## [Exercise data]
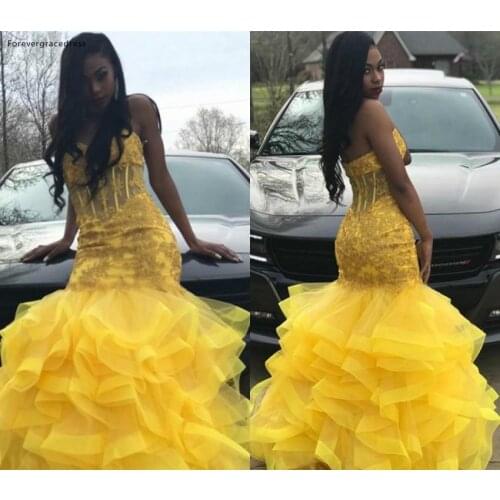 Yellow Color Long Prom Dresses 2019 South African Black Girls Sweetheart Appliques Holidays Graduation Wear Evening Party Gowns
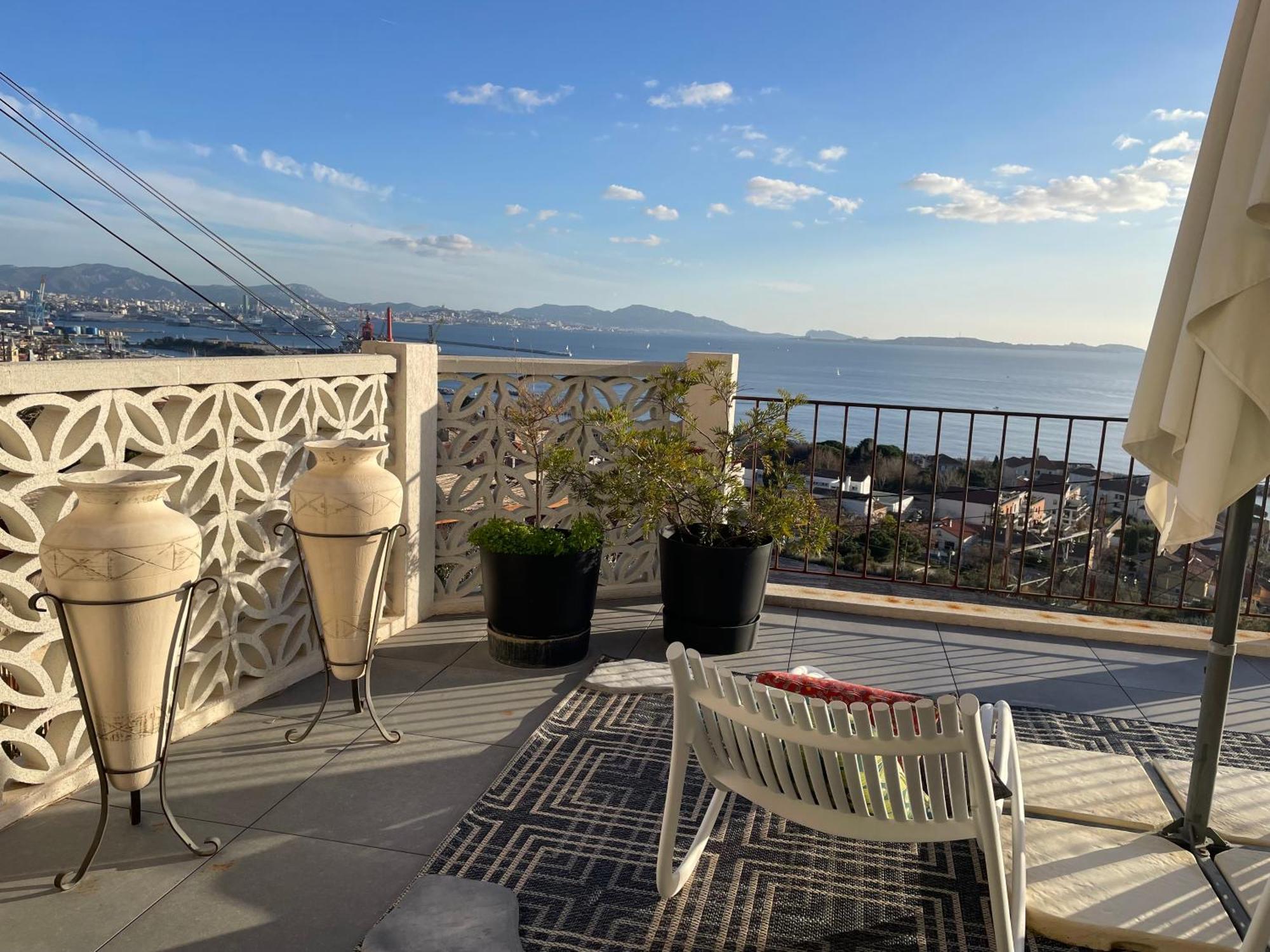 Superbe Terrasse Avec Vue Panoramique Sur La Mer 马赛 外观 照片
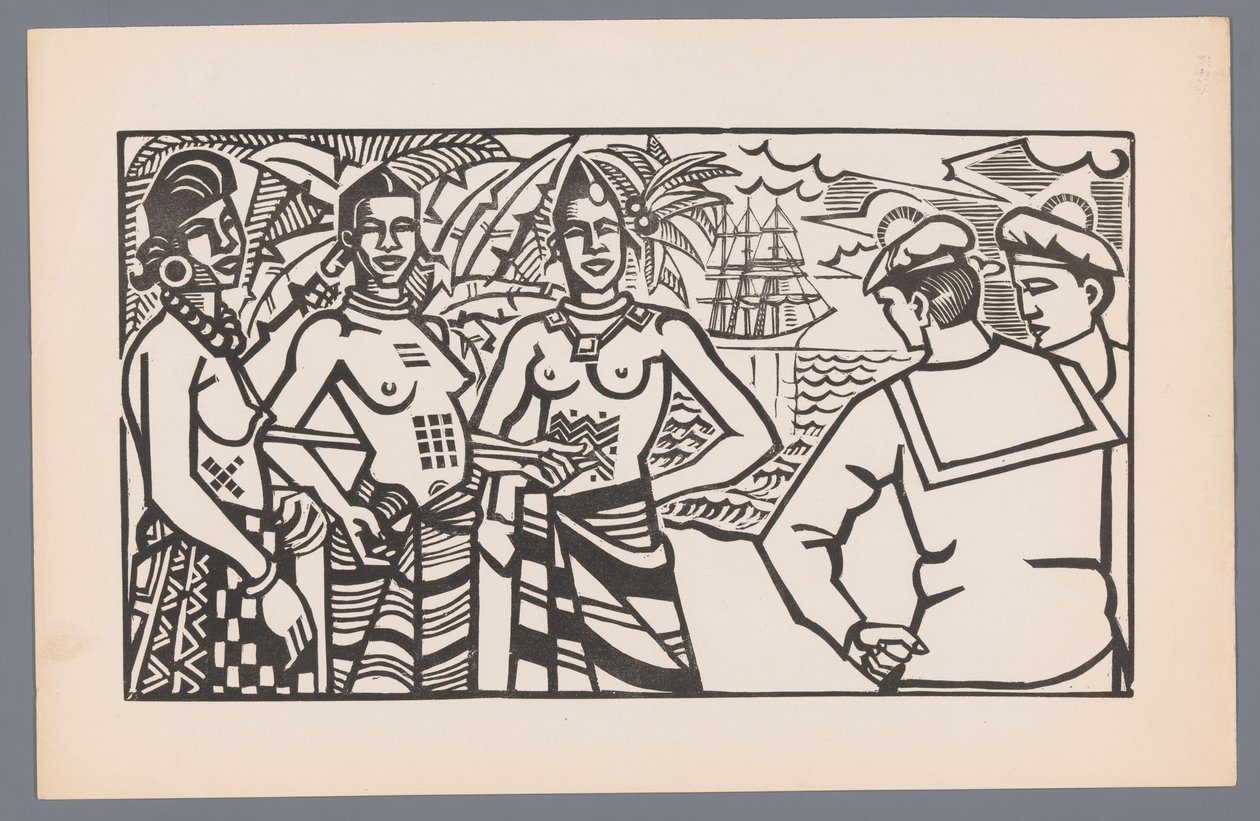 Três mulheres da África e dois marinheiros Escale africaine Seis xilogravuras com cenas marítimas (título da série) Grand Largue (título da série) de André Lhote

==

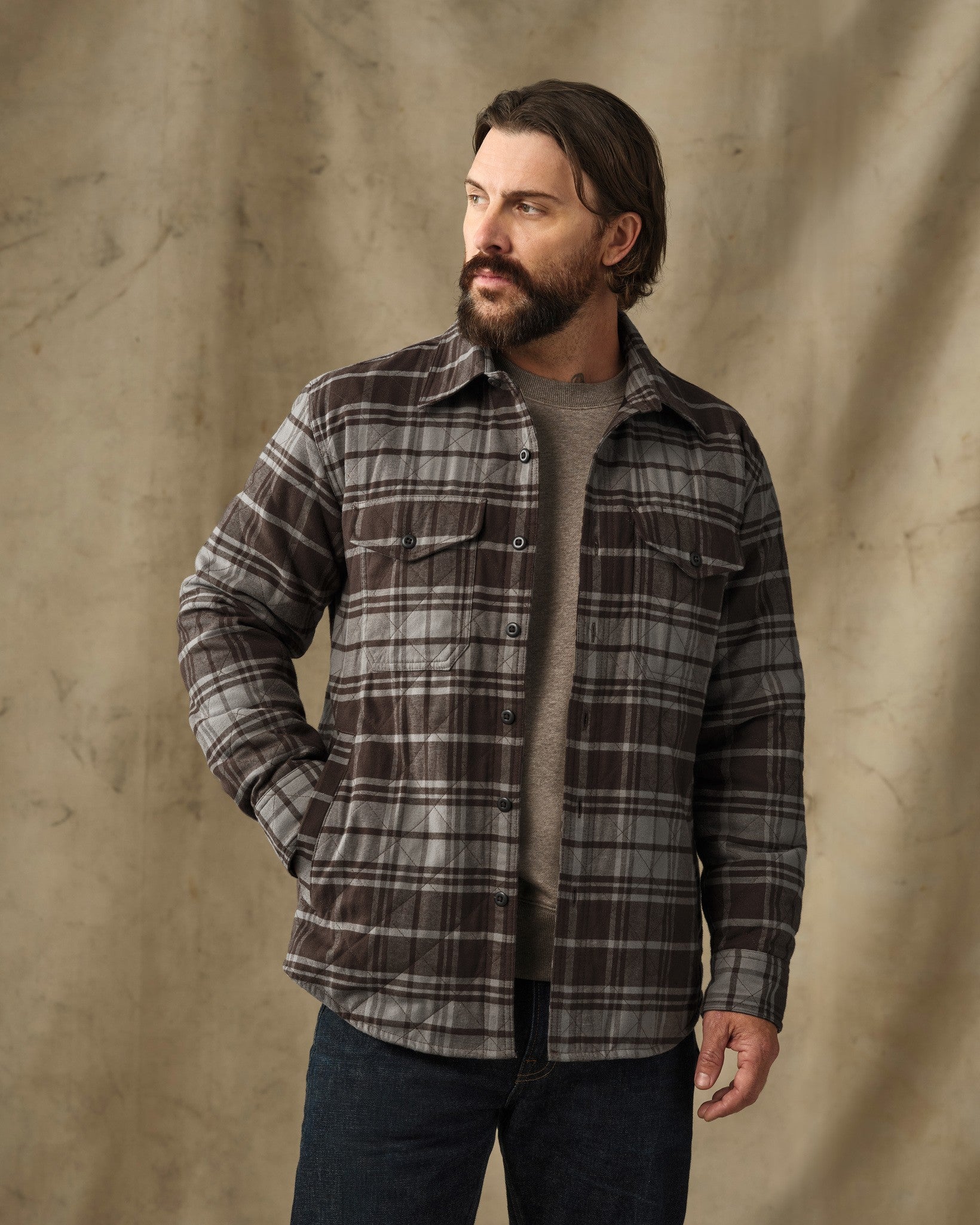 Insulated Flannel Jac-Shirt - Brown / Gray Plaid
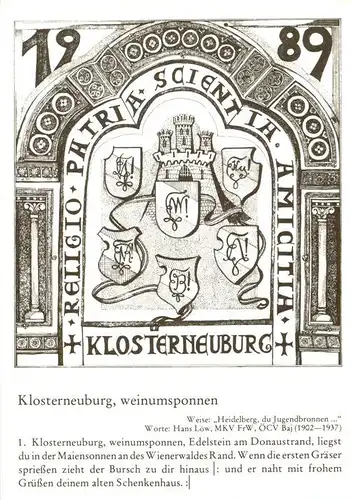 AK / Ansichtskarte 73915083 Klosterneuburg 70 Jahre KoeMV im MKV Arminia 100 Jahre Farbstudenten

...

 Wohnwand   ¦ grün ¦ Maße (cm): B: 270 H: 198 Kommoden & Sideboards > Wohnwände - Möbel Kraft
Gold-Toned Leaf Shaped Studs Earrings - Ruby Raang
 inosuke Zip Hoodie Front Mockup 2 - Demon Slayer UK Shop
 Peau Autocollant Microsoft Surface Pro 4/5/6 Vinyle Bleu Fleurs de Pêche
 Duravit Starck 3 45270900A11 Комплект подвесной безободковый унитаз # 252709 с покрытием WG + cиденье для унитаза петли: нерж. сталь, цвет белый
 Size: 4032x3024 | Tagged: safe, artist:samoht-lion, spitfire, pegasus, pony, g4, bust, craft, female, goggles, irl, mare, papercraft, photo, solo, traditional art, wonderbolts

## [Exercise]
Pictures in the entries do not go into the copy. Print only the lines starting at the one containing "Yellow Color Long" and ending at the one containing "Superbe Terrasse Avec", exactly as they appear.

## [Task response]
 Yellow Color Long Prom Dresses 2019 South African Black Girls Sweetheart Appliques Holidays Graduation Wear Evening Party Gowns
 Superbe Terrasse Avec Vue Panoramique Sur La Mer 马赛 外观 照片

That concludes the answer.